Потому как ежели в землю ударится, то землю нашу в куски разорвет, а такого быть не может никогда… Небесное тело – говорят тебе! Глухомань замороченная!
– Опомнись, несчастный! – опешила маменька. – Какое тело у неба?!
Папенька весь наморщился, побагровел и зафыркал:
– Какое-какое… Такое вот. Не понимаешь, так молчи. И поумнее тебя есть.
– Пелип-то твой? – тихонько вздохнула маменька.
– Да, Пелип! – рявкнул папенька. – Сам Император попам служит! А Пелип никому не служит! Он сам человек свободный и другим хочет помочь свободу обрести… Спаситель что говорил? Говорил: блажен, кто живет плодами труда своего. А попы как устроили? Четверть моего пирога себе забирают, четверть велят в городскую казну отдать, четверть – Императору… Правильно это?
Янас-старший подождал, пока маменька ему ответит, не дождался, снова махнул рукой, полез в карман и положил на стол кожаный кошель, в котором что-то увесисто звякнуло. Янас-младший рот раскрыл. Но маменька плакать не перестала, хотя и догадалась, что там, в кошеле. Так приятно только серебро звякать может.
Потом явился Иос. На телеге приехал. В дом не заходил, со двора папеньку выкликал. Потом они с папенькой грузили телегу. Маменька не смотрела, а Янас-младший видел: связки мушкетных стволов, наконечники для копий и алебард, клинки мечей, пороховницы и сумки с пулями. Хвороста сверху набросали и уехали.
Больше Янас папеньку не видел.
Своего первого Мартин убил в пятнадцать. Ненароком. Он и не хотел убивать – оборонялся, да переборщил. Схватил что в руки попалось и со всей дурной силушки ломанул обидчику по лбу. И еще раз, и еще… Потом черенок хрустнул пополам, а остро отточенная железная скоба кирки застряла в папашином черепе.
– Поделом, – сказал тогда Мартин – и плюнул.

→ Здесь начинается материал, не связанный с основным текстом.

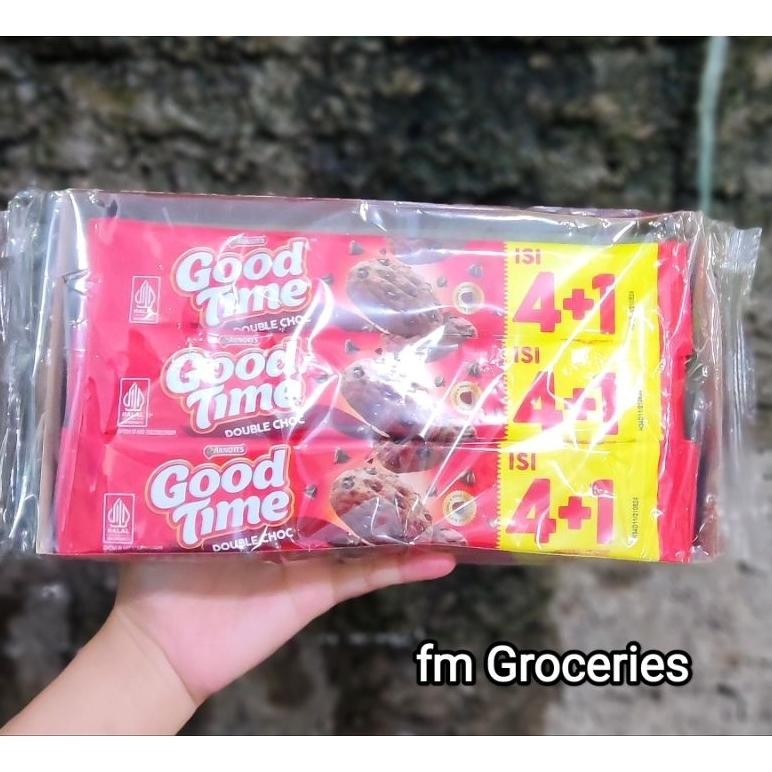 

Good Time cookies isi 12 pack Nugi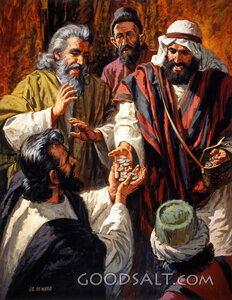 Barnabas Offering for the Poor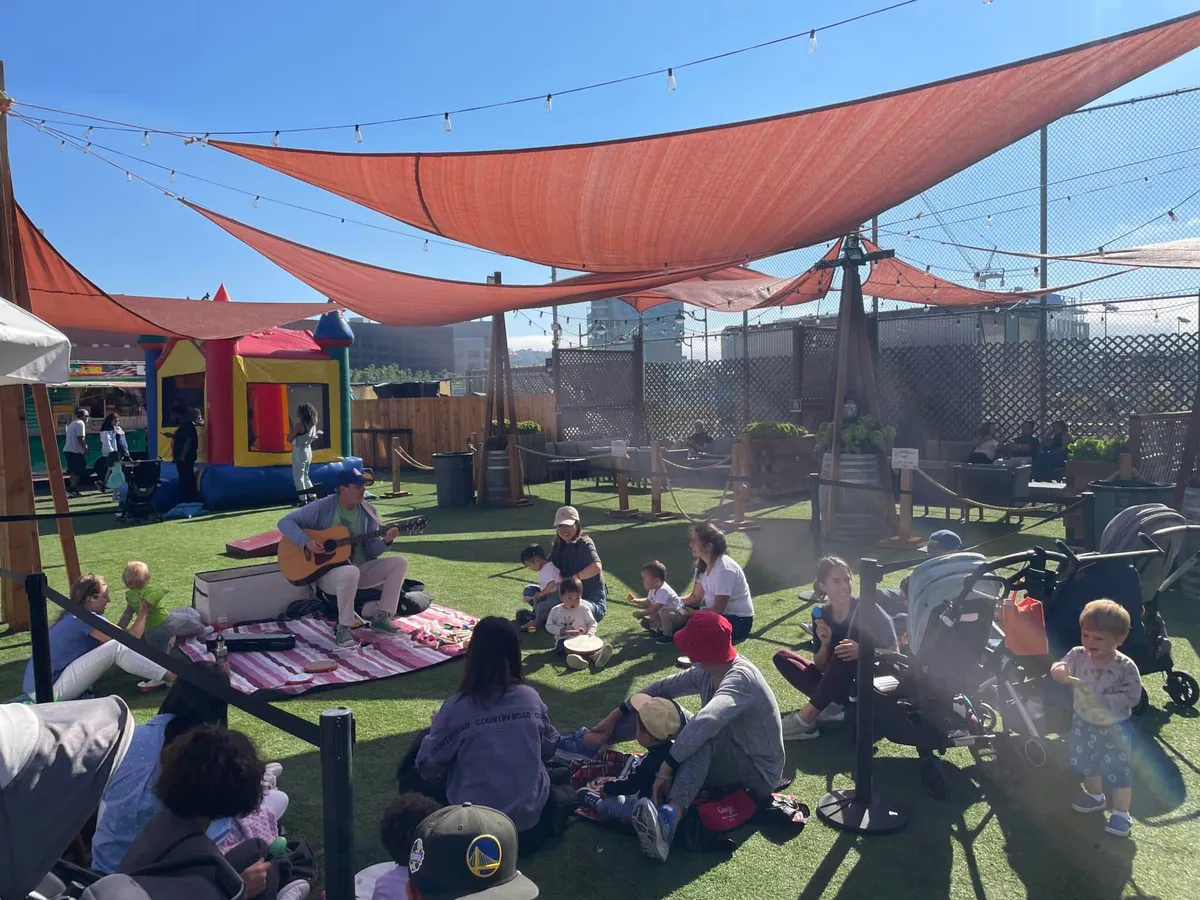 Little Bears Music Classes at Fort Mason (Blue Bear School of Music) — program image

А чего жалеть? Раньше папаша его уму-разуму палкой поучал, а теперь за шестихвостку взялся – плетку шестихвостую, и не плетку даже, а плетищу. На второй день Мартин и не выдержал. А чтобы у городской стражи лишних вопросов не возникало, взял и подпалил хижину от углов. Мамаша не помешала. Мамаша, как всегда, пьяная храпела на лавке у окна. Мартин не стал ее вытаскивать. Зачем? Вытащит, а она на него первая доказчица и будет. Когда заполыхало гуще, Мартин перемахнул изгородь и припустил по задним дворам к перелеску, за которым – он знал – тянулась дорога. Попылил Мартин по дороге и на родной хуторок даже не оглянулся.
В Гохсте, куда добрался к полудню следующего дня, прибился к тамошнему Братству Висельников. Веселые были девочки у Висельников из Гохста, а Мартин – резвым не по годам. И вскоре расцветила дурная болезнь ему рожу розовыми шелушащимися пятнами. Петер Ухорез – так, кажется, звали того, кто окрестил Мартина Паршивым. Не простил ему Мартин обиды, не стал даже удобного момента ловить: вскочил, опрокинув скамью, прямо там, за столом, когда хабар делили, – и всадил Ухорезу в бок длинную – в локоть – стальную иглу. И опять пустился в бега. Петер дрянной был человечишко, но все же в Гохсте друзей у него было больше, чем врагов.
Два года ничего не было слышно о Мартине, а потом поползли по Империи слухи, потекли разговоры – сплелись в тугой ком – и грянули громкой славой. Никогда еще не являлся миру разбойник страшнее и опаснее Мартина Паршивого.
Да, Паршивый… Подстерегал он торговые караваны в красных песках Утенгофа, где ветер лижет горячим языком пологие барханы, а барханы стонут сладкими, будто девичьими, голосами. Потрошил зажиточных рыбарей на южных берегах Серебряных озер, ставил засады на лесных тропах северо-запада. Много добра награбил. За девять лет изъязвил всю Империю схронами, как пьяный Висельник ножом – подругу-шлюху.